Friday, June 16, 2006

Art and age together...

...for no specific reason or purpose.

Once my cousin told me that she had done an art project on “angles, perspective” and children. I thought at the time yet again something that us, non-artists, cannot comprehend! In everyday English her project can be said that it aimed at drawing objects, as a child of no more than 1,20 m tall sees them. And indeed her work was very interesting as it revealed quite angles of door knobs, tables and chairs that we, the tall people, never pay attention.

When I was 12 or 13, I don’t quite remember any more, I visited the Acropolis in Athens, Greece.

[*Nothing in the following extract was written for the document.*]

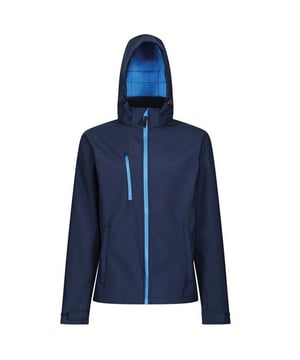 Stof: Microfleece, Polyester, Geweven. Ontwerp: Eenvoudig. Stof Technologie: Ademend, Waterdicht, Winddicht, XPT. Kinbeschermer, uitgesneden etiket, kap, drielaags. Manchet: Verstelbaar. Halslijn: Hoge Hals, Hooded. Mouwtype: Met lange mouwen. Eigenschappen van de kap: Verstelbaar, Grown On Hood. Zakken: 1 Borstzak, 2 Voorzakken. Bevestiging: Volledige ritssluiting, ritsbescherming. Zoom: Open.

As I was admiring the deeds of the ancient Greeks, I remember I noticed at one point a cat at the uppermost part of the Parthenon. Whilst the other kids that were in the group were contemplating whether the cat could make it back to the ground, my sight was still on the height of the columns and the grandeur of the ancient temple. As if I were not mesmerised and overtaken by awe already, I later found out that the Parthenon was actually colored in the ancient times, it is just that the paint has faded over the years.

Not so long ago I was in the Museum of Fine Arts in Antwerpen, Brussels, admiring the wonderful works of Rubens, Jordaens and Brueghel among other Belgian and European painters. At one point I saw a beautiful painting, and naturally I approached it in order to read the name of the artist. My attention was drawn to the fact that James Ensor, a famous Belgian expressionist/surrealist painter of the 19th century, painted that particular painting in his early 20s, as a matter of fact I think he was 21. Van Gogh, I happened to read somewhere later that day, died at the age of 37.

In their 40’s and 50’s people seem to demonstrate a unique affinity for art. People’s houses become embellished by paintings, or copies of famous works of art. People quench their thirst for art with visits to local and not-so-local museums to visit the masterpiece. It is at this age that people speak of da Vinci or Micheangelo as the fathers of art and western civilization.

Cezanne, the famous French impressionist and precursor to modernism, after a lifetime of struggle for perfection, wrote in 1906 at the age of 67 –just a month before his death– that he was barely noticing some “progress” in his artistic technique.

Not all things have to follow a scheme, a plan, a strategy or be dictated by a law, a rule or a regulation. Things coexist, at times harmoniously, at times not. Too often, we run after things, leaving little time to ourselves to enjoy or simply observe.